A senior regional police officer who stood in the ruins said it was a war crime without any justification. The World Health Organization said it had confirmed 18 attacks on health facilities and ambulances since the fighting began, killing 10 people. The International Criminal Court in The Hague has already opened a war crimes investigation. But building a case against Russian President Vladimir Putin can take time.
“What they’re going to have to do is they’re going to have to accumulate evidence to a point where they can identify specific chains of command, for example, that would lead to Putin where they can then indict individuals.” , said the professor. Gregory Gordon, war crimes expert and member of the Chinese University of Hong Kong Law School. “Putin would be the ultimate, but it could end up being that the evidence is further down the chain of command.”
“I think that might be the biggest challenge in a case like this,” he said. “So what, you have two elements to prosecute war crimes. So if it’s a war crime under article 8 of the Rome Statute, you have your list of war crimes, let’s say it’s killing civilians. OK, you have this crime, you have evidence of this crime. Then the question is who is connected to this crime? And remember that the International Criminal Court, which we talked about, wants to prosecute those most responsible. You have several options. You can look at section 25 of the act, then you have everything from direct principle to aiding and abetting to liability for contributions, right? »
And all have different standards, according to Gordon.
“And then you have what we call command responsibility under section 28, where you have to demonstrate a superior reporting relationship and a series of other elements,” the war crimes expert continued. “That’s probably where a lot of the action will be in terms of successful prosecutions, of course, the issue of Putin’s arrest before he can stand trial.”
There are a number of challenges. Yes, there are plenty of videos showing what happened. They call it the “TikTok war” because much of it has been documented on social media in real time, showing attacks on children’s hospitals, schools and civilians. This will certainly help prosecutors. But attack authentication is another story.
“It’s easy to say, ‘Oh, well, I saw on TikTok or I saw on Instagram or Facebook, this film or these images of these ongoing war crimes.’ But when you go into court and you have to authenticate yourself and you have to make sure you have the right metadata or whatever, that will be part of that evidence on social media to prove that it’s been sufficiently verified,” Gordon said. “Remember that the prosecution must prove its case beyond a reasonable doubt.
“The other thing I would point out is that often social media evidence will only be good to the extent that it corroborates stronger evidence,” Gordon said. “Testimonies or documents or even satellite intercepts from other sources.

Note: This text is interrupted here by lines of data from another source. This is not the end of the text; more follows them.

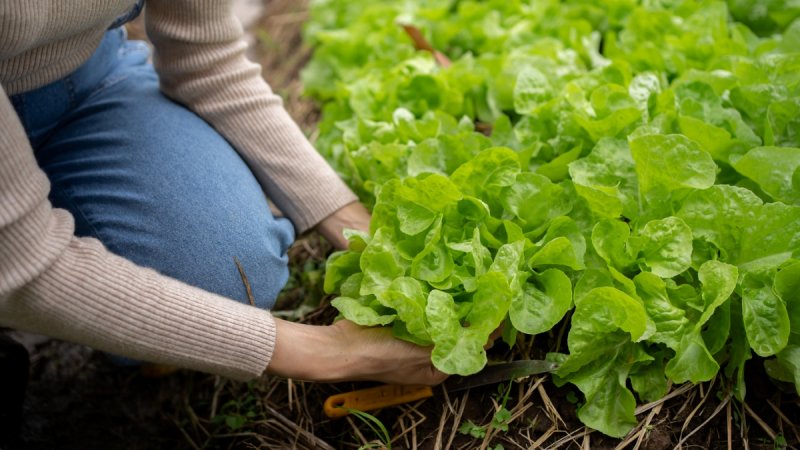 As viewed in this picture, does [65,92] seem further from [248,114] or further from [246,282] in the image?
Result: [246,282]

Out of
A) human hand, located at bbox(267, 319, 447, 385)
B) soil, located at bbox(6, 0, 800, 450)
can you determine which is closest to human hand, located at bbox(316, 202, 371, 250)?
soil, located at bbox(6, 0, 800, 450)

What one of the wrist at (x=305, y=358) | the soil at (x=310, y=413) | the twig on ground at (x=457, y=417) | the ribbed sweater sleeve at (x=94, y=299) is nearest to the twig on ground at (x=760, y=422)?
the soil at (x=310, y=413)

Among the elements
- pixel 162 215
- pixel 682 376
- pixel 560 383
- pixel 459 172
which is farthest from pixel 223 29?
pixel 682 376

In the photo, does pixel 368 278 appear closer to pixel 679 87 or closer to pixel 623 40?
pixel 679 87

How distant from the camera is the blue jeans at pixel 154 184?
4.70 ft

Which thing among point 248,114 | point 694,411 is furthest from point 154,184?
point 694,411

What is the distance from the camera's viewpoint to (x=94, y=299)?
114 centimetres

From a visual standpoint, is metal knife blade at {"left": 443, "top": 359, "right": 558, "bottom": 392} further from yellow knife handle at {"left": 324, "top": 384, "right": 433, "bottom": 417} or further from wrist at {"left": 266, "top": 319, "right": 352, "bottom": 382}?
wrist at {"left": 266, "top": 319, "right": 352, "bottom": 382}

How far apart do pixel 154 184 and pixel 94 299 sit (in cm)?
38

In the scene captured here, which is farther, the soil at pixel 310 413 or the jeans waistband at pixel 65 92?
the jeans waistband at pixel 65 92

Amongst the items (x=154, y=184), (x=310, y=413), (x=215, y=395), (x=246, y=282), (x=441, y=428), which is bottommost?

So it will all kind of work together, I think, and there will be a case built on the combination of those layers of evidence.

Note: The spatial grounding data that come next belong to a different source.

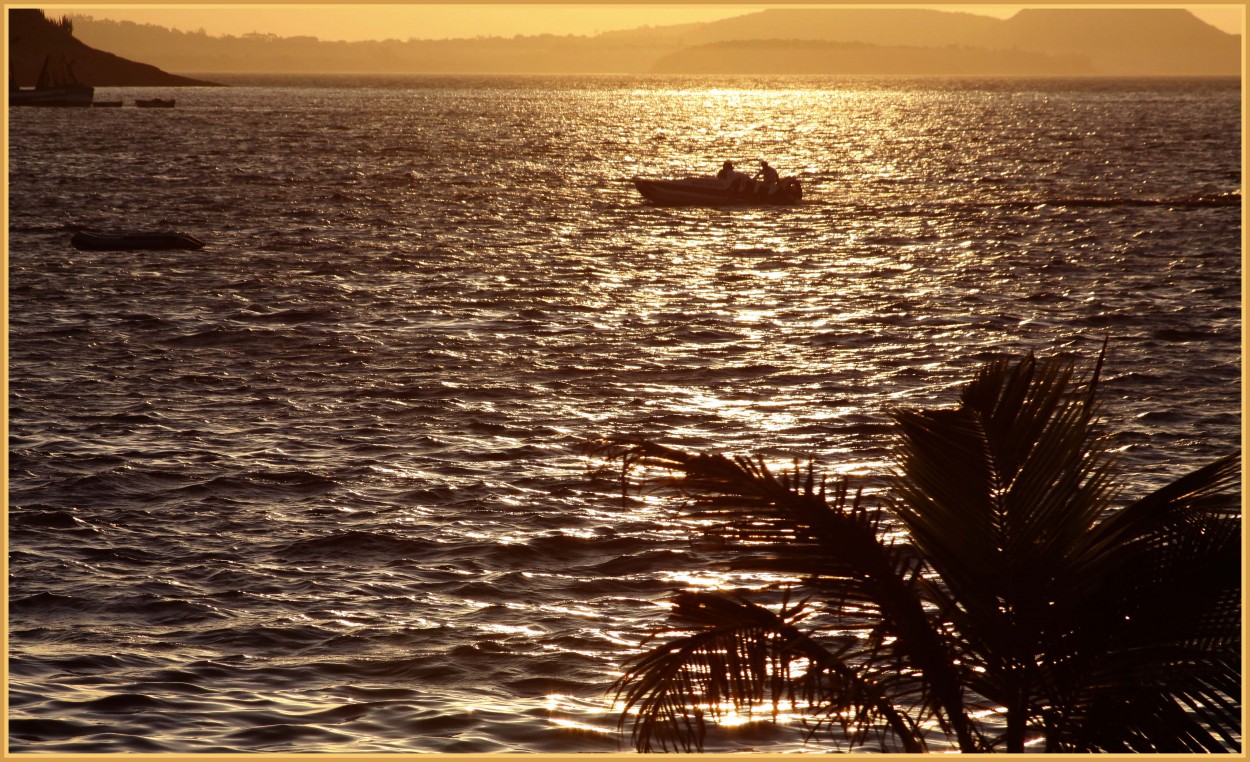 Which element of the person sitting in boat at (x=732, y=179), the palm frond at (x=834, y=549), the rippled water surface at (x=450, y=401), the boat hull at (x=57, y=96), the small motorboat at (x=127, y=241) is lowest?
the rippled water surface at (x=450, y=401)

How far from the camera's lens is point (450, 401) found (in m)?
27.8

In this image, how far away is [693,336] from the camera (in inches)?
1401

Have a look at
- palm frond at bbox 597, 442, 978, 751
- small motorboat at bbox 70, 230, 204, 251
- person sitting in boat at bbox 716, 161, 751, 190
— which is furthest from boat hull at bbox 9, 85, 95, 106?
palm frond at bbox 597, 442, 978, 751

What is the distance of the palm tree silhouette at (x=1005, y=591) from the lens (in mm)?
8055

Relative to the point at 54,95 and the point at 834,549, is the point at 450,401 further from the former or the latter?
the point at 54,95

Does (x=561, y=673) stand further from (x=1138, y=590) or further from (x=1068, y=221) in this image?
(x=1068, y=221)

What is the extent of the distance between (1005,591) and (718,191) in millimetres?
57877

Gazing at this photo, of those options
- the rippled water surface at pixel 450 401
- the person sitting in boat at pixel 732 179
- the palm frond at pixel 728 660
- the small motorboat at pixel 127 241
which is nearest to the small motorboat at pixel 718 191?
the person sitting in boat at pixel 732 179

Then, says Gordon, there is the issue of Putin’s arrest before he can stand trial.
“Well, and I mean, unless there’s a change in diet, I think it’s going to be really tough,” Gordon pointed out. “Right now he is pretty, I think, well protected by the layers of his political machine, his army, but you could have people on the ground. For example, commanders or even lower level soldiers who are captured in Ukraine and you may be able to start there and then eventually progress. Often these cases work with lower level prosecutions and then you get evidence and work your way up the chain of command.
Many world leaders say there is no doubt that these are indeed war crimes. British Prime Minister Boris Johnson tweeted: “There are few things more depraved than targeting the vulnerable and helpless.” Ukrainian President Volodymyr Zelensky called the strike “definitive proof, proof that a genocide of Ukrainians is taking place”. It remains to be seen whether they will be prosecuted as such and who can be held responsible.